Daylighting is the practice of using natural light to illuminate the home’s interior. It can be achieved using the following approaches:

  • Skylights. They must be double-pane, or they may not be cost-effective. Flashing skylights properly is key to avoiding leaks.
  • Light shelves. Light shelves are passive devices designed to bounce light deep into a building. They may be interior or exterior. Light shelves can introduce light into spaces up to 2½ times the distance from the floor to the top of the window, and advanced light shelves may introduce four times that amount;
  • Clerestory windows. Clerestory windows are short and wide, set high on the wall. Protected from the summer sun by the roof overhang, they allow winter sun to shine through for natural lighting and warmth; and 
  • Light tubes / Sun tubes. Light tubes use a unique lens designed to amplify low-level light and reduce light intensity from the midday sun. Sunlight is channeled through a tube coated with a highly reflective material and then enters the living space through a diffuser designed to distribute light evenly.

8. Insulate windows and doors.

About one-third of the home’s total heat loss usually occurs through windows and doors. The following are ways to reduce energy lost through windows and doors:

  • Seal all window edges and cracks with rope caulk, the cheapest and most straightforward option.
  • Windows can be weather-stripped with a special lining that is inserted between the window and the frame. For doors, apply weather-stripping around the whole perimeter to ensure a tight seal when they’re closed. Install quality door sweeps on the bottom of the doors if they aren’t already in place.
  • Install storm windows at windows with only single panes. A removable glass frame can be installed over an existing window.
  • If existing windows have rotted or damaged wood, cracked glass, missing putty, poorly fitting sashes, or locks that don’t work, they should be repaired or replaced.

9. Cook smart.

An enormous amount of energy is wasted while cooking. The following recommendations and statistics illustrate less wasteful ways of cooking:

  • Convection ovens are more efficient than conventional ovens. They use fans to force hot air to circulate more evenly, thereby allowing food to be cooked at a lower temperature. Convection ovens use approximately 20% less electricity than conventional ovens.
  • Microwave ovens consume approximately 80% less energy than conventional ovens.
  • Cook with pans that match the size of the heating element or flame. 
  • Using lids on pots and pans will heat food more quickly than cooking in uncovered pots and pans.
  • Pressure cookers reduce cooking time dramatically.
  • When using conventional ovens, place food on the top rack. The top rack is hotter and will cook food faster. 

10. Change the way you do laundry.

  • Do not use the medium setting on your washer.
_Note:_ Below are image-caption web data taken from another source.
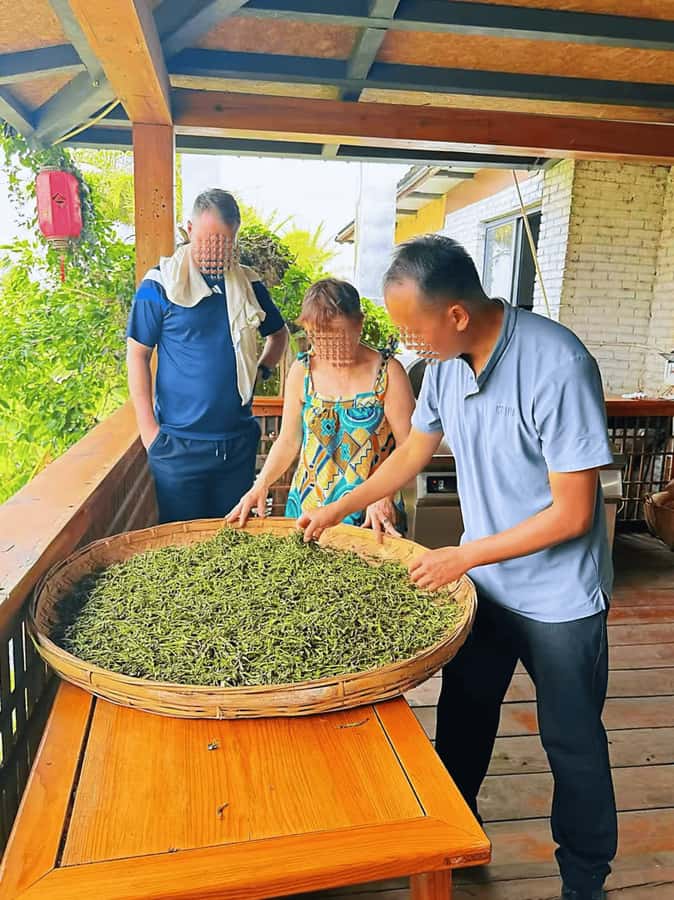 Puer Tea Picking and Tasting | 6 Hour Morning Trip - Tasting raw, aged, and freshly processed tea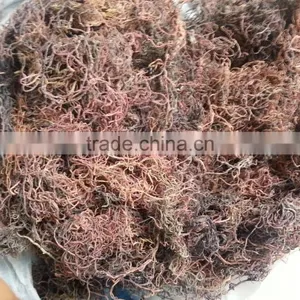 Sell Gracilaria, Eucheuma Spinosum And Cottonii thumbnail-5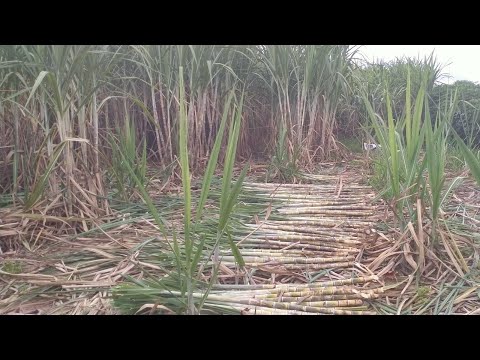 ตัดทอนพันอ้อยสุพรรณบุรี50-086- ตัดทอนพันอ้อยสุพรรณบุรี50-086-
Wait until you have a whole load of clothes, as the medium setting saves less than half of the water and energy used for a full load.
  • Avoid using high-temperature settings when clothes are not very soiled. Water that is 140° F uses far more energy than 103° F for the warm-water setting, but 140° F isn’t that much more effective for getting clothes clean.
  • Clean the lint trap every time before you use the dryer. Not only is excess lint a fire hazard, but it will prolong the amount of time required for your clothes to dry.
  • If possible, air-dry your clothes on lines and racks.
  • Spin-dry or wring clothes out before putting them into a dryer. 

Homeowners who take the initiative to make these changes usually discover that the energy savings are more than worth the effort. InterNACHI home inspectors can make this process much easier because they can perform a more comprehensive assessment of energy savings potential than the average homeowner can.